#### ASSIGNMENT:
Leaving out all pictures, retype the records exactly.

BEGIN DATASET EXCERPTS

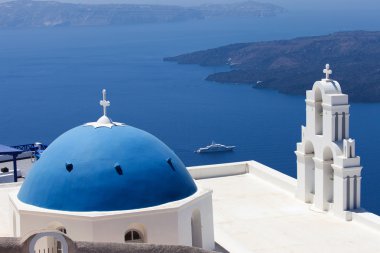 Fira 'nın üç çanı ve mavi kubbe, Santorini, Yunanistan, Santorini' nin volkanı arka planda.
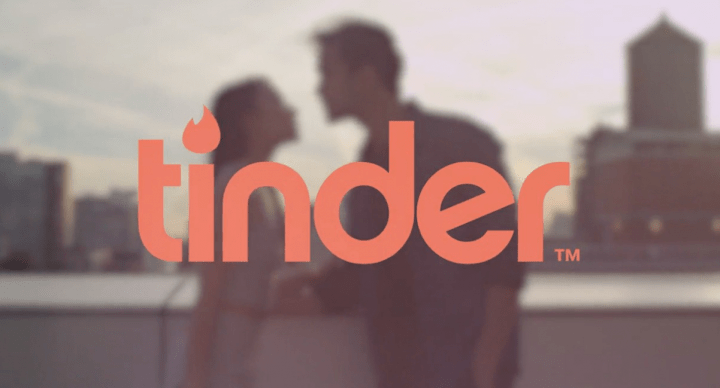 Tinder propone nuevos emojis con parejas interraciales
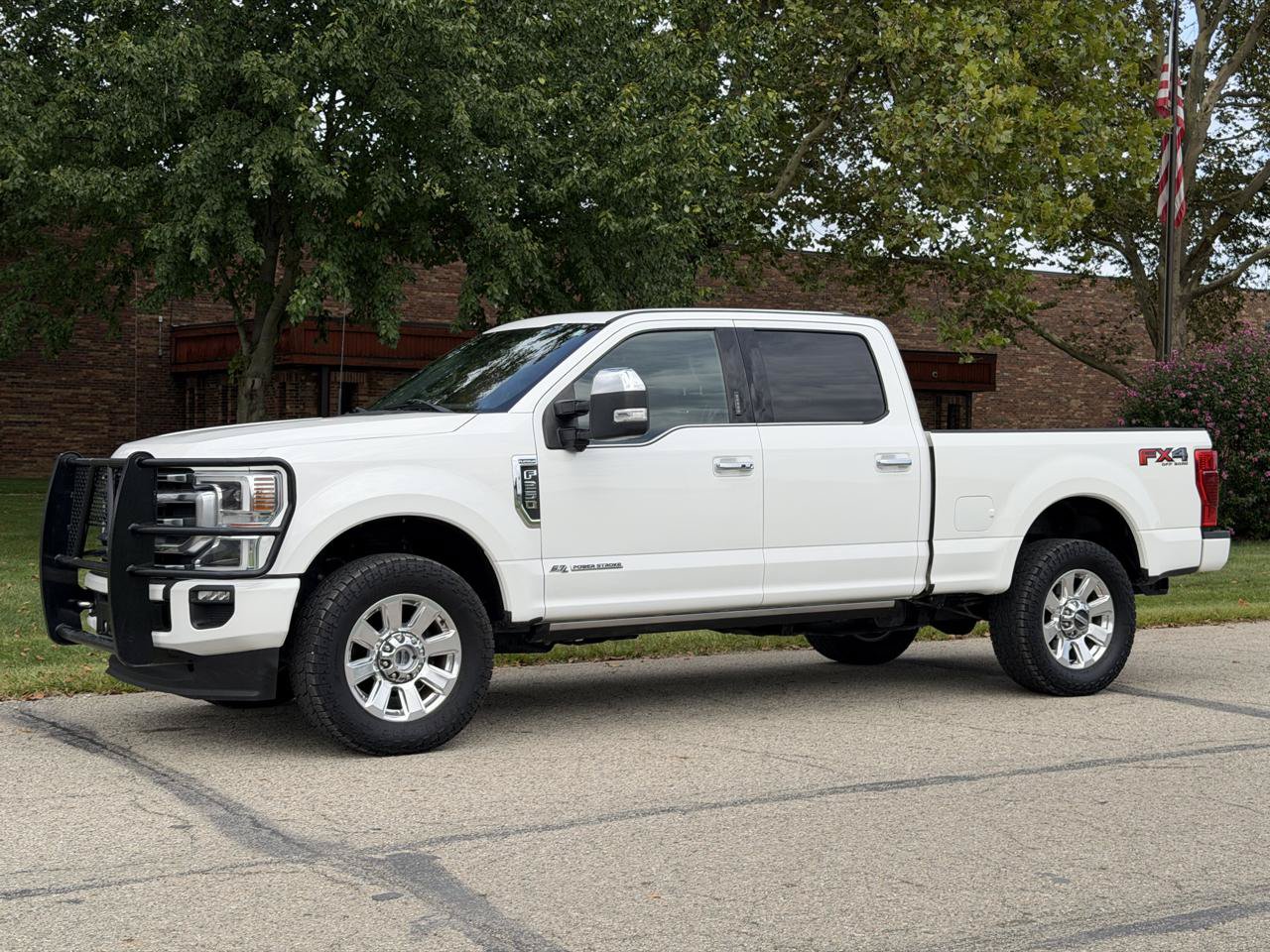 Used 2022 Ford F250 Platinum w/ FX4 Off-Road Package AWD/4WD image 2
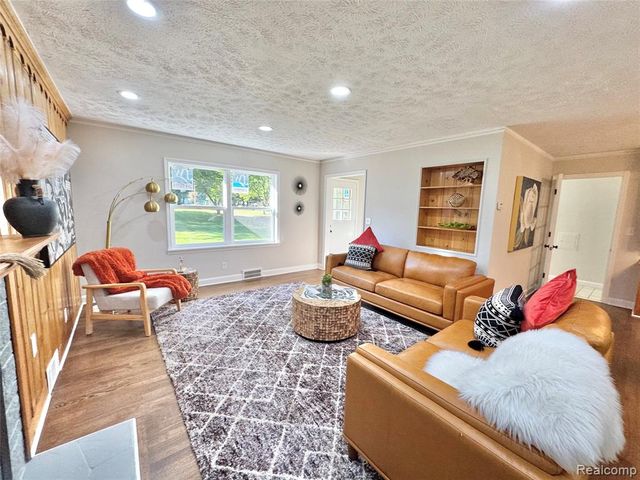 25400 Larkins Street, Southfield, MI 48033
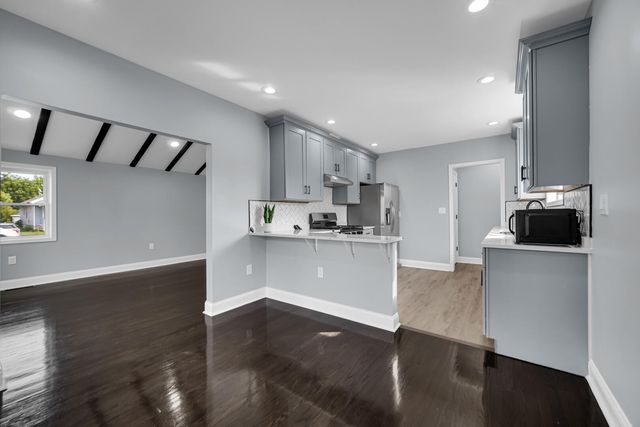 1430 Stanton Avenue, Whiting, IN 46394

END DATASET EXCERPTS

#### EXERCISE RESULT:
 Fira 'nın üç çanı ve mavi kubbe, Santorini, Yunanistan, Santorini' nin volkanı arka planda.
 Tinder propone nuevos emojis con parejas interraciales
 Used 2022 Ford F250 Platinum w/ FX4 Off-Road Package AWD/4WD image 2
 25400 Larkins Street, Southfield, MI 48033
 1430 Stanton Avenue, Whiting, IN 46394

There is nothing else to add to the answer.